Saddlebred Sport Horse 101
Published Date: Jun 08, 2020
Written for the ASHA by Janet Thompson
Just as everyone who owns or rides a Saddlebred doesn’t have the same kind of job or enjoy the same skill set, so, too, every Saddlebred doesn’t have the same kind of job. While the Saddlebred world has traditionally been mostly saddle seat oriented, (and in fact, its conformation led to the creation of the saddle seat discipline), Saddlebreds increasingly have been recognized for their ability in the so-called “sport horse” disciplines.
This article is intended to introduce you to those disciplines, and to start conversations about which horses might be best suited to careers in one of those disciplines. Subsequent articles will feature particular disciplines, with interviews of some of the riders and drivers who are enjoying their Saddlebreds in the sport horse world.
First, however, let’s agree on definitions—what is and what is not a sport horse discipline for our purposes. Historically, the sport horse disciplines included those disciplines that are part of the Olympic tradition—Jumpers, Three-Day Eventing (also known as Combined Training), Dressage. Over the years, distance riding, Combined Driving, Carriage Driving, Western Dressage and Reining have been added to the list. While the Hunter division is not a recognized Olympic discipline, the Hunter horse that competes in a division with both flat and over fences classes is also considered part of the Sport Horse world. Finally, because of the connection to work done outside of the arena setting, both Trail (obstacles) and Ranch Riding may be viewed as Sport Horse disciplines, since the obstacles and patterns they include attempt to replicate real-life conditions outside the arena.

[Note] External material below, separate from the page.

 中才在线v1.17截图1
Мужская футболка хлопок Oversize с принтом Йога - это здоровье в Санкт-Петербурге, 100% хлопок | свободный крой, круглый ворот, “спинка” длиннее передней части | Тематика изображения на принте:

Although clearly not saddle seat, our Saddlebred Western Country Pleasure and Saddlebred Hunter Country Pleasure divisions are not and should not be considered part of the sport horse disciplines. Why not? In large part, it has to do with form and function. These horses, while worked using non-saddle seat equipment, perform in much the same way as their saddle seat counterparts—they perform distinct gaits on the rail and have no additional tasks—ones that might replicate riding experiences outside an arena.

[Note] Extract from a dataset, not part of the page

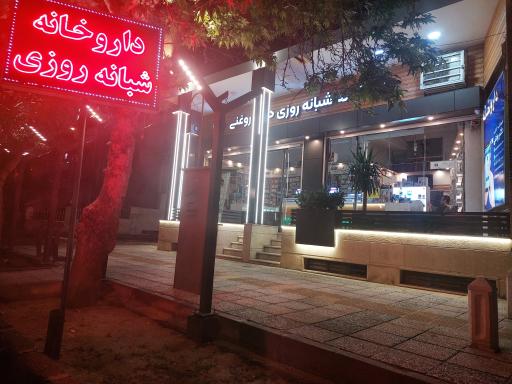 داروخانه دکتر روغنی
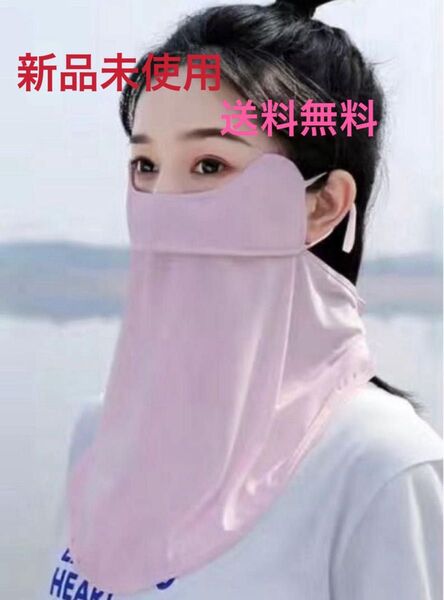 フェイスカバー ネックカバー 冷感 UPF50+UVカット 吸汗速乾 ピンク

These Hunter Country and Western Country Pleasure horses form an enormously important component of our presence—both in competitions and in attracting riders and buyers to the Saddlebred. These individuals are often chosen for these disciplines because they may be less highly-keyed, have less or a different style of motion, a neck that either isn’t as long or put on as high, and, related to those attributes, may cost less money. Since they compete in the Country Pleasure division, their shoeing requirements are different—no pads—and they may not wear tailsets, and thus they are also easier for the amateur/owner/trainer to maintain. But, they are not part of the sport horse tradition. The sport horse disciplines are, however, increasingly important marketing opportunities for our breed.
Several years ago, Julie Lynn Andrew wrote an article, “American Saddlebred Bloodlines for Sport Horse Disciplines,” which was published by the ASHA. It appears here again to refresh our collective memory about why and how the Saddlebred can play a vibrant role in both breed-restricted and open sport horse disciplines.
Some of us, who are “of an age,” remember a time when the greatest open jumpers in this country were Saddlebreds. During the 1950’s and 1960’s, for example, those competing and winning in the Puissance classes, often with a vertical fence six feet tall or higher, were Saddlebreds. Later, in the 1970’s and 1980’s, fewer Saddlebreds were seen in the sport horse disciplines in the United States, despite that our horses had an abundance of the very qualities prized by sport horse exhibitors—shoulder motion, hocks, attitude—good thinkers and game--, and the ability to wear himself—to see a fence, to raise up and perform collected work. At the same time, the heavier-boned European Warmblood was making an appearance in this country and was making a run at the top spots in the sport horse disciplines. Over time, these larger horses were replaced by a “lite” version, one with more Thoroughbred blood, one that was more suited to lady and amateur riders. And, this “Warmblood Lite” was remarkably similar to many of our Saddlebreds, which also trace back to the lighter-boned Thoroughbred.
Over the next few months, we will bring you the Saddlebred Guide to the Sport Horse World. Each installment will focus on one of the disciplines that are found under that umbrella. Through this series we hope to provide you with a basic understanding of what each discipline involves; what about our horses makes them well-suited to that discipline, and who is actively involved in that discipline. With that information, as well as an opportunity for follow-up Q&A, we hope to dispel myths and encourage you to jump in the pool. The water is perfect!!